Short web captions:

== Segment start ==

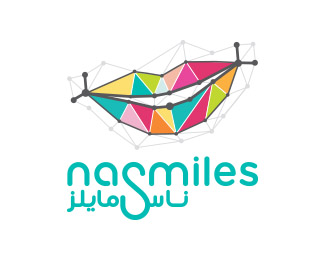 nasmiles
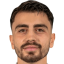 Şahin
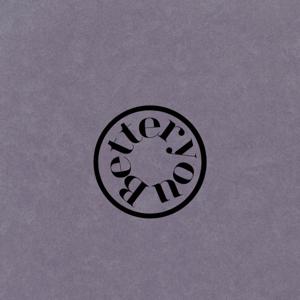 Better You with Merna & Halee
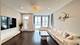 3422 S Normal, Chicago, IL 60616
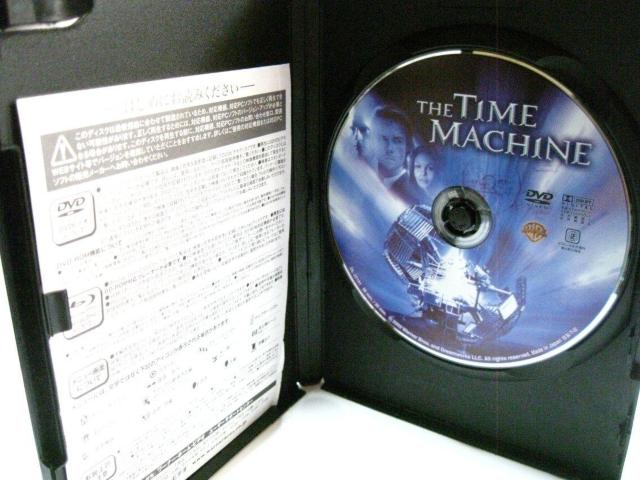 mDVD  ^C}V ʔ  CD/DVD/rfI 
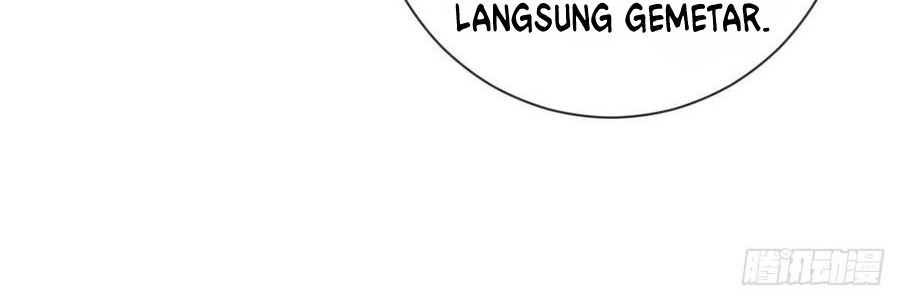 My Son in Law Chapter 62 Gambar 24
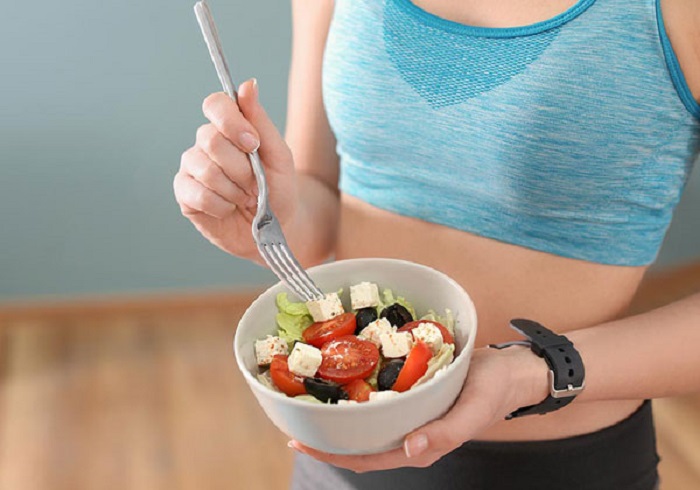 Thoát vị đĩa đệm là gì? Thoát vị đĩa đệm có nên tập aerobic không? 3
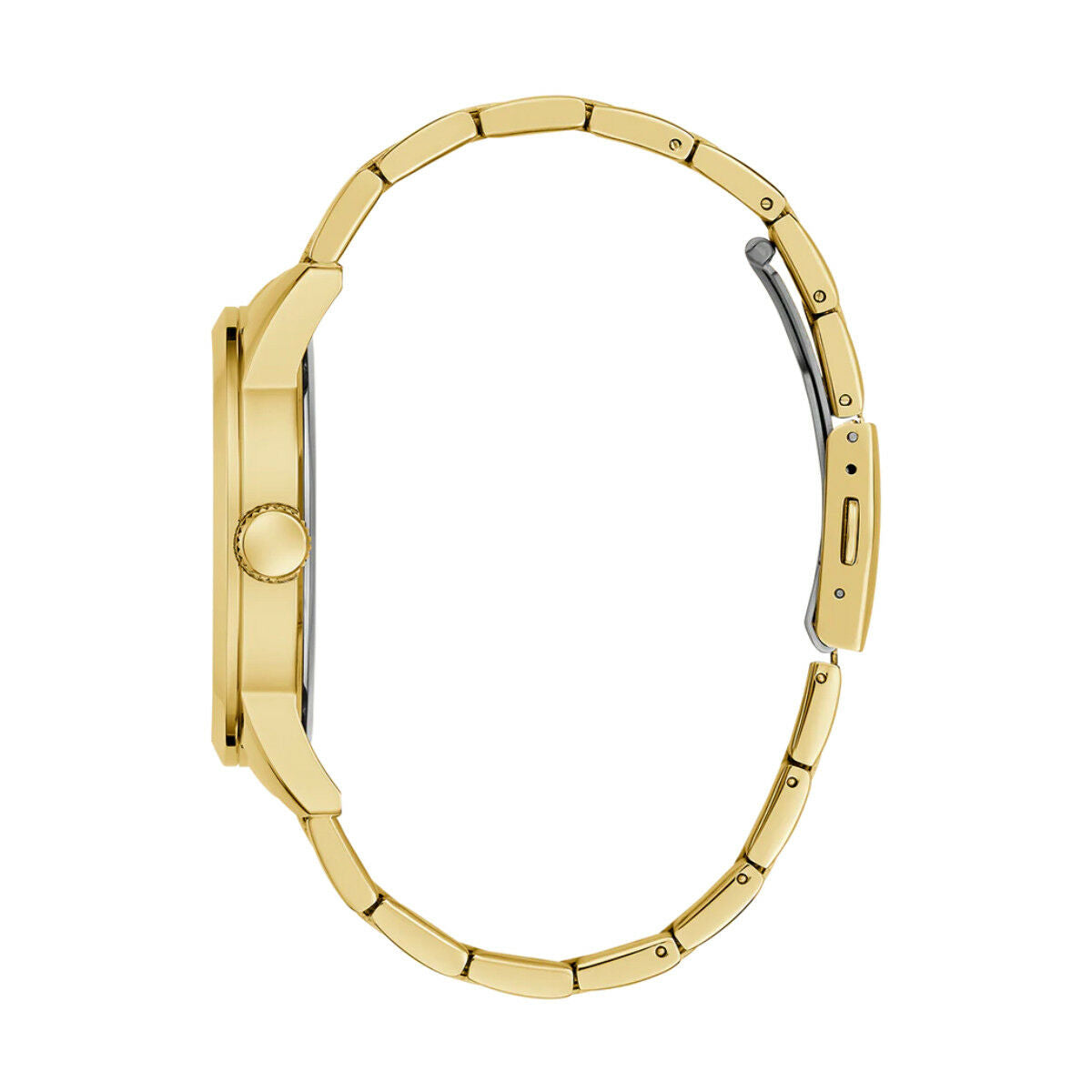 Horloge Heren Guess GW0782G1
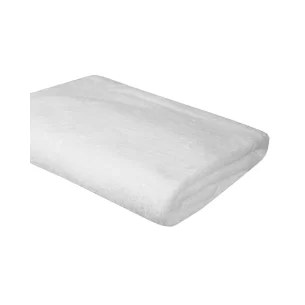 Ręcznik na łóżko do masażu empool 2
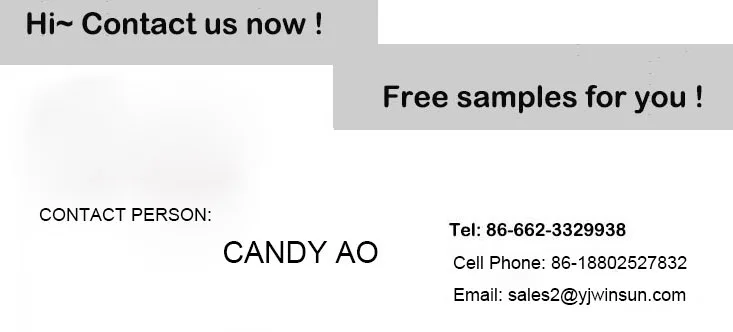 contact us-c.jpg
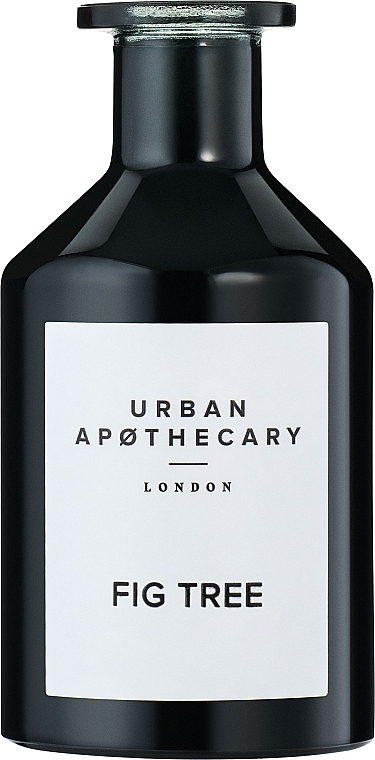 Urban Apothecary Fig Tree - Reed Diffuser — photo N3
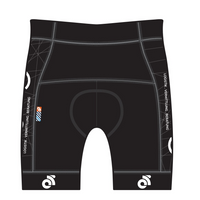 APEX Tri Shorts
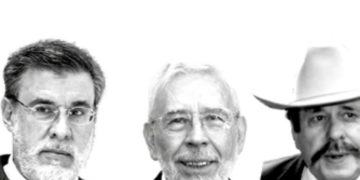 Pandora Papers y México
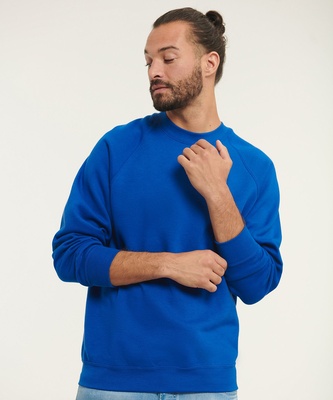 Russell Classic Sweatshirt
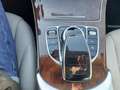 Mercedes-Benz C 180 7G-TRONIC Exclusive Silber - thumbnail 15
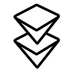 BitClout's Logo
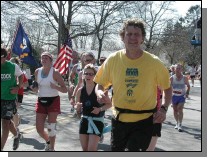 boston30k-1333.jpg  (80.0 Kb)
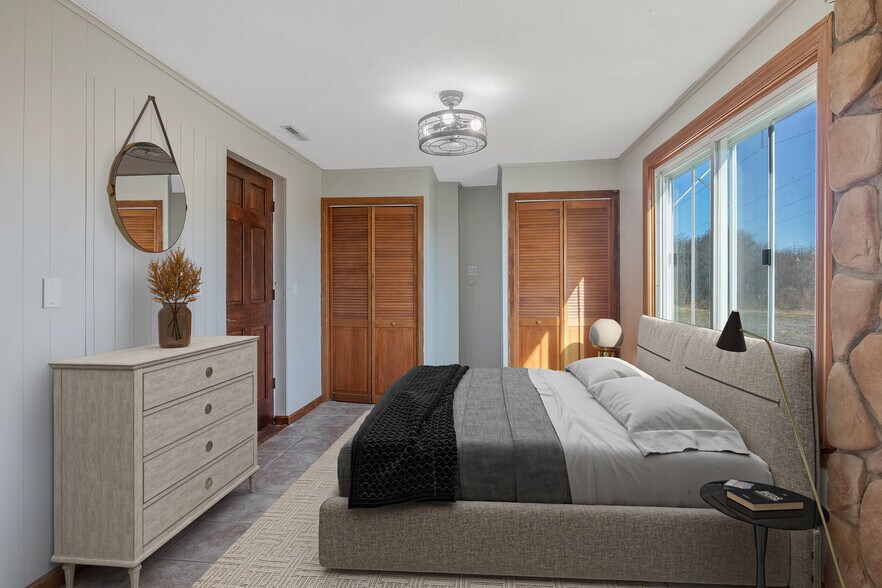 Building Photo - 6961 Collamer Rd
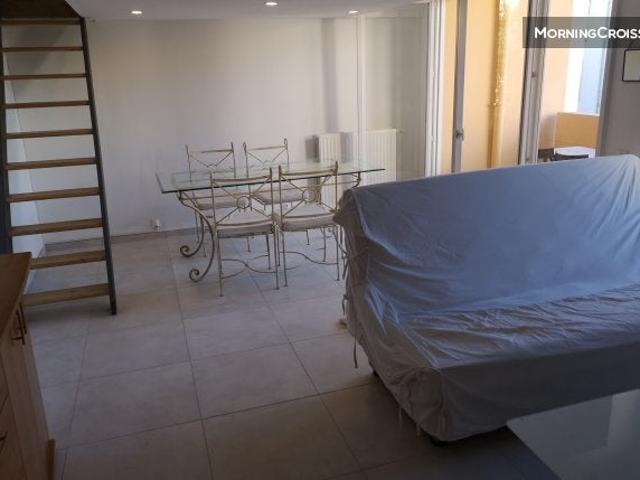 Appartement location à Grasse, Valbonne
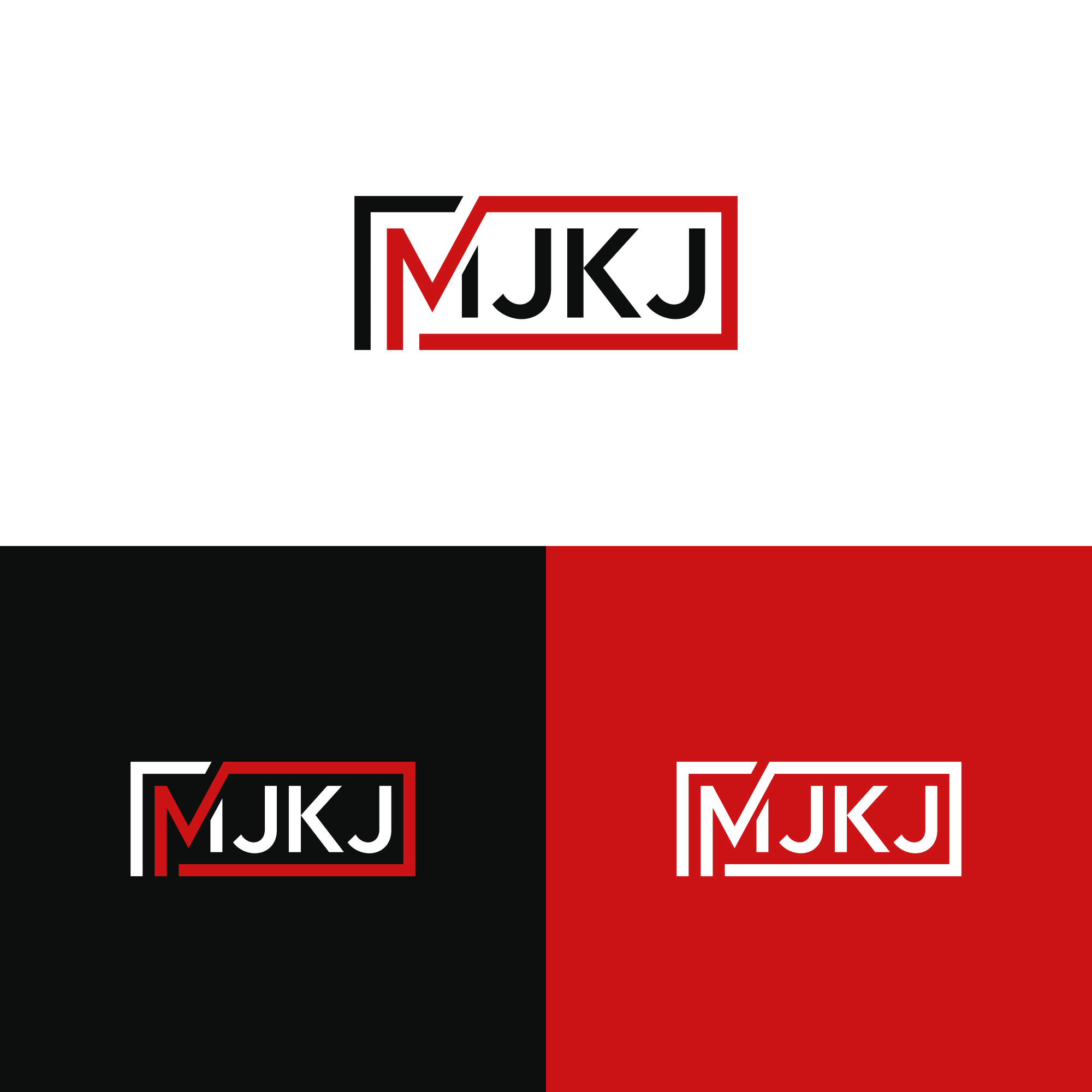 Diseño de Logo por Excellent™ para este proyecto | Diseño #32584861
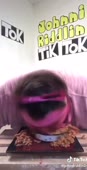 640x1240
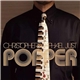 Christopher & Raphael Just - Popper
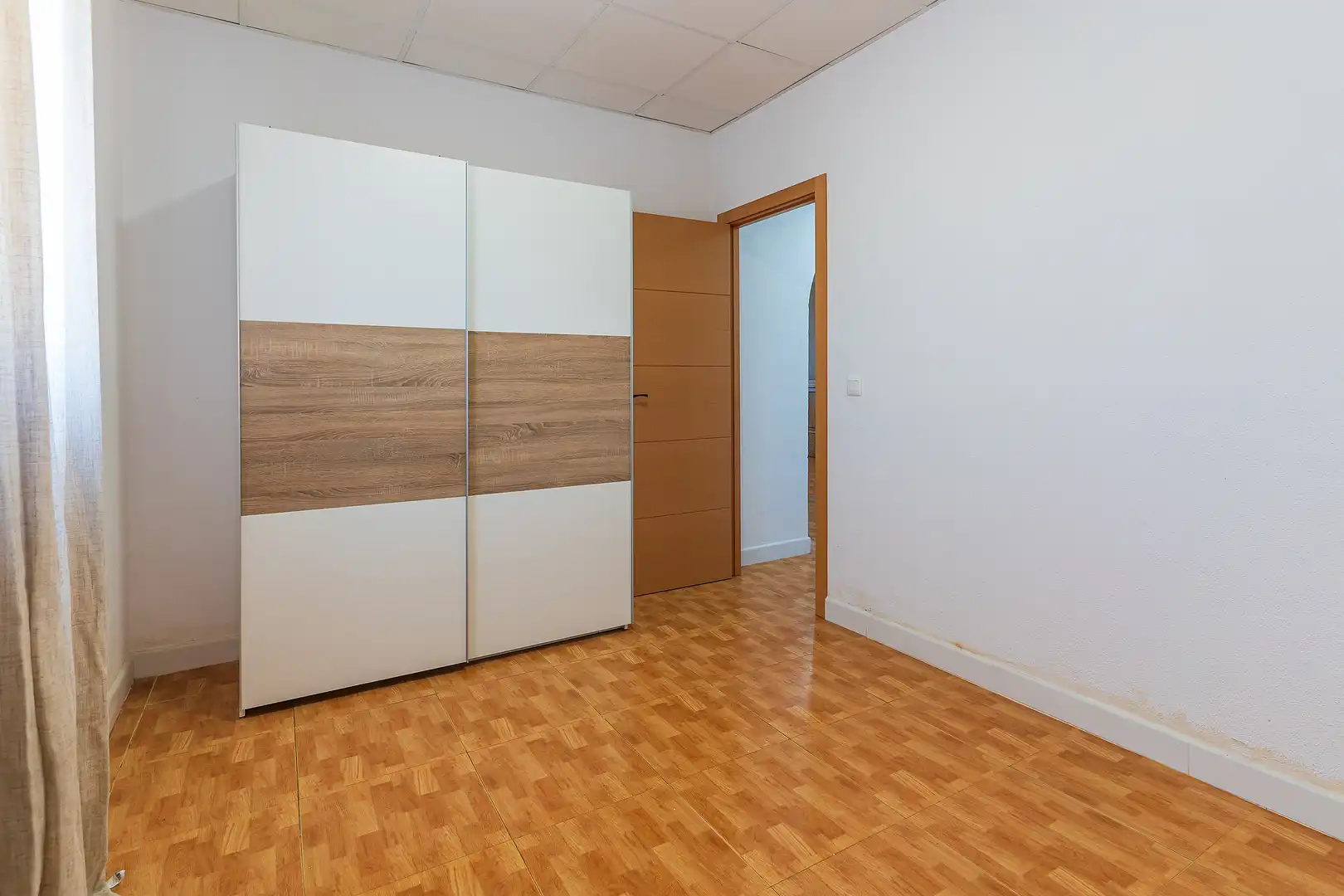 Casa o chalet en venta en Diseminado los Majuelos, 16, Niebla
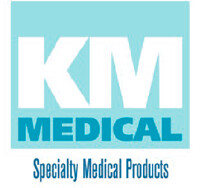 Km medical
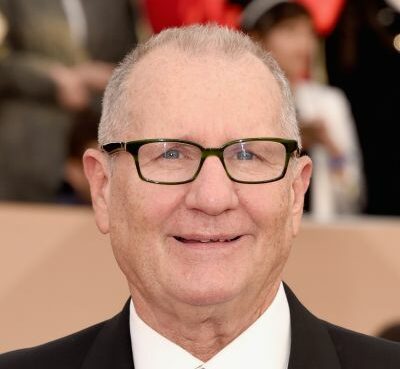 Ed O’Neill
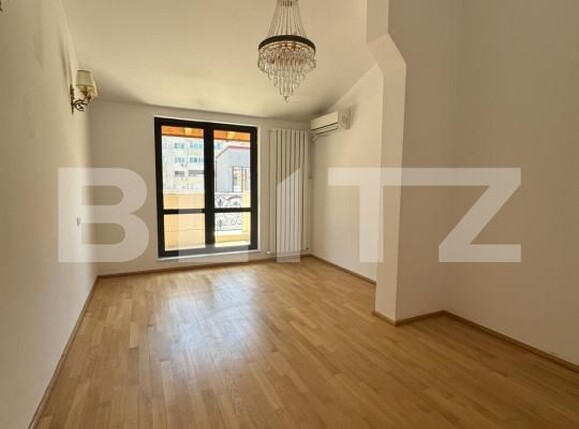 Apartament de închiriat 4 camere Dorobanti - 173420AI | BLITZ București | Poza1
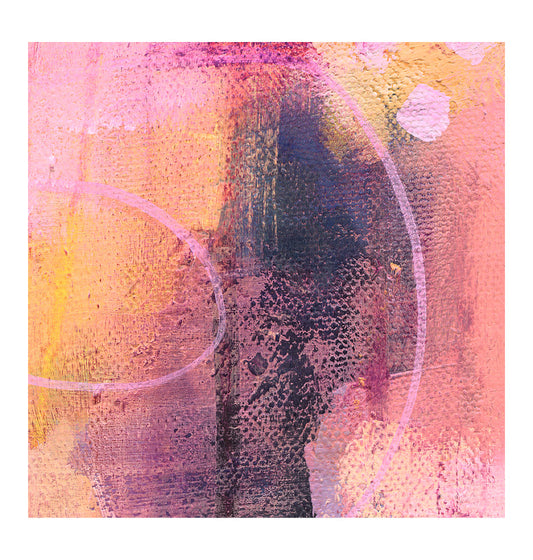 Afterglow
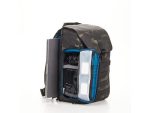 Tenba Axis v2 LT 18L Backpack Multicam Black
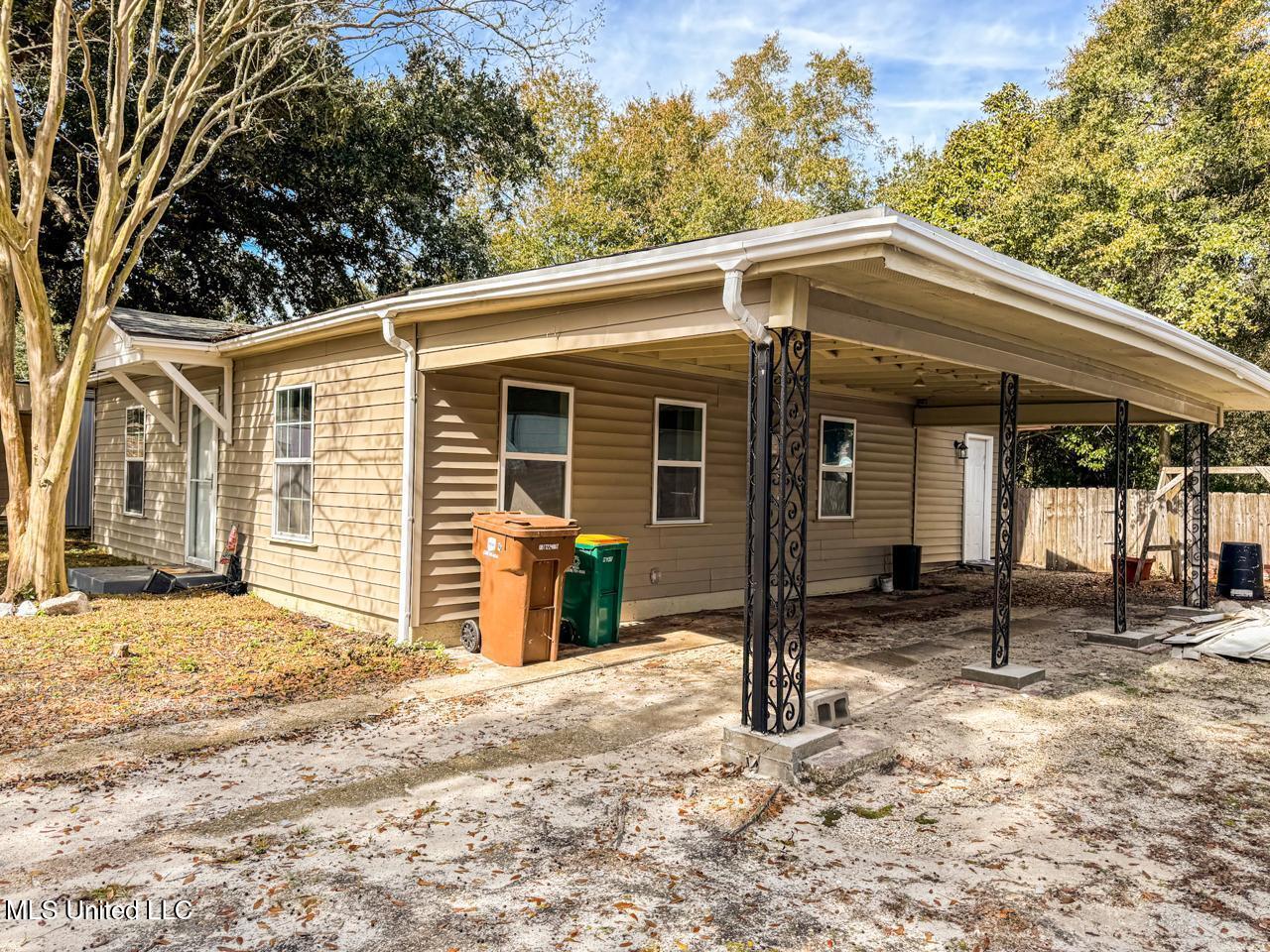 2548 Bryn Mawr Avenue, Biloxi, Mississippi image 18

== Segment end ==

The task: The job here is to write out the records exactly, pictures excluded.

Answer section:
 nasmiles
 Şahin
 Better You with Merna & Halee
 3422 S Normal, Chicago, IL 60616
 mDVD  ^C}V ʔ  CD/DVD/rfI 
 My Son in Law Chapter 62 Gambar 24
 Thoát vị đĩa đệm là gì? Thoát vị đĩa đệm có nên tập aerobic không? 3
 Horloge Heren Guess GW0782G1
 Ręcznik na łóżko do masażu empool 2
 contact us-c.jpg
 Urban Apothecary Fig Tree - Reed Diffuser — photo N3
 APEX Tri Shorts
 Pandora Papers y México
 Russell Classic Sweatshirt
 Mercedes-Benz C 180 7G-TRONIC Exclusive Silber - thumbnail 15
 BitClout's Logo
 boston30k-1333.jpg  (80.0 Kb)
 Building Photo - 6961 Collamer Rd
 Appartement location à Grasse, Valbonne
 Diseño de Logo por Excellent™ para este proyecto | Diseño #32584861
 640x1240
 Christopher & Raphael Just - Popper
 Casa o chalet en venta en Diseminado los Majuelos, 16, Niebla
 Km medical
 Ed O’Neill
 Apartament de închiriat 4 camere Dorobanti - 173420AI | BLITZ București | Poza1
 Afterglow
 Tenba Axis v2 LT 18L Backpack Multicam Black
 2548 Bryn Mawr Avenue, Biloxi, Mississippi image 18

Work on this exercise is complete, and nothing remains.